Sermons

Summary: Ordination of Troy L. Dixon, Nov. 1989: We pursue the trappings of religion instead of what is truly value. As a common clay vessel, be wary of power games, know that your foundation can crumble, focus on the treasure of the Gospel.

Somehow in men’s minds the paraphernalia of religion get to be more important than the faith itself. It is one of the enduring problems of religious life, how it is that we get far more caught up and invested in the trappings of religion than in the faith itself.

In your average church, you cannot get people interested in talking about the core issues of the faith; you cannot work up much of a sweat by asking someone what theory of the atonement he espouses or how Isaiah 7: 14 is to be interpreted or if she can explain how intercessory prayer works. In your average church, there is a little embarrassment, in the first place, that we really haven’t thought much about these rather far-off, esoteric issues; but beyond that, well, we just reserve our energies for the important stuff, the emotional stuff:

Like what color the carpet should be

Like whether songs I like to sing have come up often enough

Like whether somebody sat in my pew, the place I always sit

Like whether my class, my group, my family, my whatever, got recognized.

Those are the places where energy gets burned; those are the issues that heat up the thermometer and punch up the decibels.

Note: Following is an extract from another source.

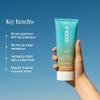 COOLA Organic Sunscreen SPF 30 Sunblock Body Lotion, Dermatologist Tested Skin Care For Daily Protection, Vegan And Gluten Free, Tropical Coconut, 5 Fl Oz view 3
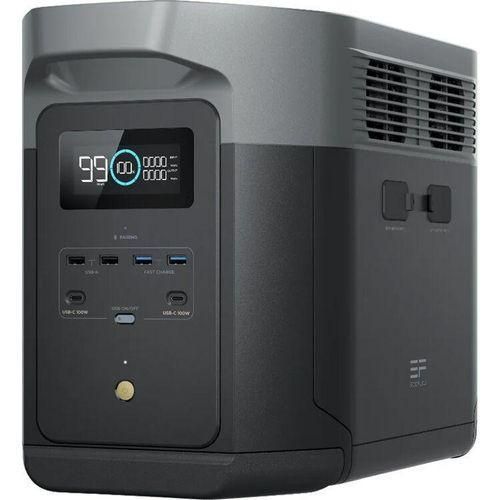 EcoFlow DELTA 2 Max Portable Power Station (EFDELTA2Max-UK)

Somehow in men’s minds the paraphernalia of religion, the trappings of church, get to be more important than the faith itself. The container is valued more than the contents.

The legends of King Arthur, passed on from the centuries even before the Middle Ages in Britain, are in no small measure preoccupied with the quest of the Holy Grail. The Holy Grail, if you will recall, according to the legend, was that cup which had been used by our Lord at the Last Supper, then had passed on into the hands of Joseph of Arimathea. Joseph, standing near the Cross, had supposedly captured a cupful of the precious blood of Christ in this cup and then, unlikely as it may seem, had brought it to Britain and to the place now called Glastonbury Abbey.

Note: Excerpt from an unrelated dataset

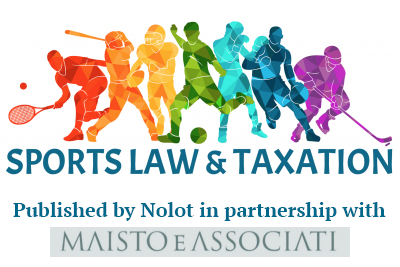 Sports Law & Taxation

Now remember, all of this is the stuff of legend and myth, and I trust none of us here gives any credence to it; it’s just not history as you and I would think of historical fact. But what intrigues me is that over the years the myth of Christ’s cup grew and grew and took on a kind of mystical significance, so that by the time the legends of King Arthur were told and retold, the quest for the Holy Grail, the quest for this cup, this vessel, had become a picture for the whole human pilgrimage.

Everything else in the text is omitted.